Three-component coupling product 4a is a versatile and modifiable building block rich in synthetic potential (Fig. 2).¹⁵ α-Methyl-γ-phenyl carboxylic compounds (6a) are easily accessible through simple hydrogenolysis and some derivatives have been studied as agonists for antimicrobial peptide systems.¹⁶ The PMP protecting group could be easily removed under standard conditions to provide the parent α-phenyl-γ-aminoesters that could find application in medicinal chemistry programmes as γ-aminobutyric acid (GABA) derivatives. Also, α-alkylidene γ-lactam 9a can be formed simply by heating compound 4a in the absence of solvent. Such lactams have already shown potential as inhibitors of homoserine transacetylase (HTA)¹⁷ and have been studied as less toxic alternatives to α-methylene γ-lactones in cancer treatment.¹⁸ Our new methodology allows a fast and easy approach to the synthesis of libraries of α-methylene γ-lactams in only two steps. The double bond can be further manipulated through hydrogenation to give 7a or through addition of nucleophiles such as ethanol yielding 10a.

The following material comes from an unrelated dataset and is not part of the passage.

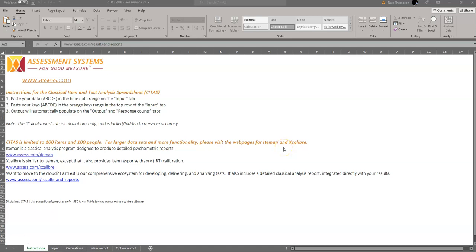Hi, this is a tutorial video on how to use the software CTAS for psychometric analysis with classical test theory.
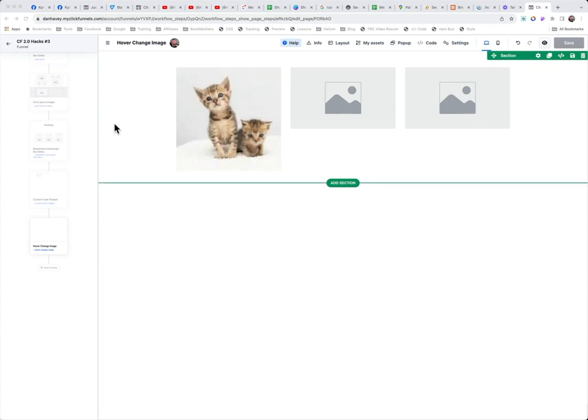Welcome back. This is Dan Havy with another ClickFunnels Quick Tip. Today, a guy reached out to me with a question about how to swap out an image on hover. So I'm going to show you how to do that.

Fig. 2 Derivatization of compound 4a.

To interrogate the reaction pathway to the three-component coupling product, control and cross-over experiments where performed. LED irradiation and eosin Y were necessary for the reaction to proceed. Also, the reaction was inhibited when TEMPO was added, supporting the participation of radical intermediates in the transformation (ESI†). As phenyl benzyl amines have been used in photoredox catalysis as reductive quenchers,¹⁹ the appearance of the overreduction product in the photoredox reactions with the less reactive imines²⁰ raised the possibility that this compound could be, in fact, a potential species suffering single electron oxidation by eosin Y to generate an alpha amino radical^21,22 ready to add into allyl sulfone 3a. However, subjection of a mixture of reductive amination product 11, allyl sulfone 3a and eosin Y in DMSO to green LED light irradiation gave no reaction, ruling out a tandem reductive then oxidative pathway to 4a (Fig. 3). Interestingly, a similar reaction set-up but in the presence [Ir(dF(CF₃)ppy)₂(dtbbpy)][PF₆] as photocatalyst and blue LED light irradiation, afforded the reaction product as expected in 63% NMR yield.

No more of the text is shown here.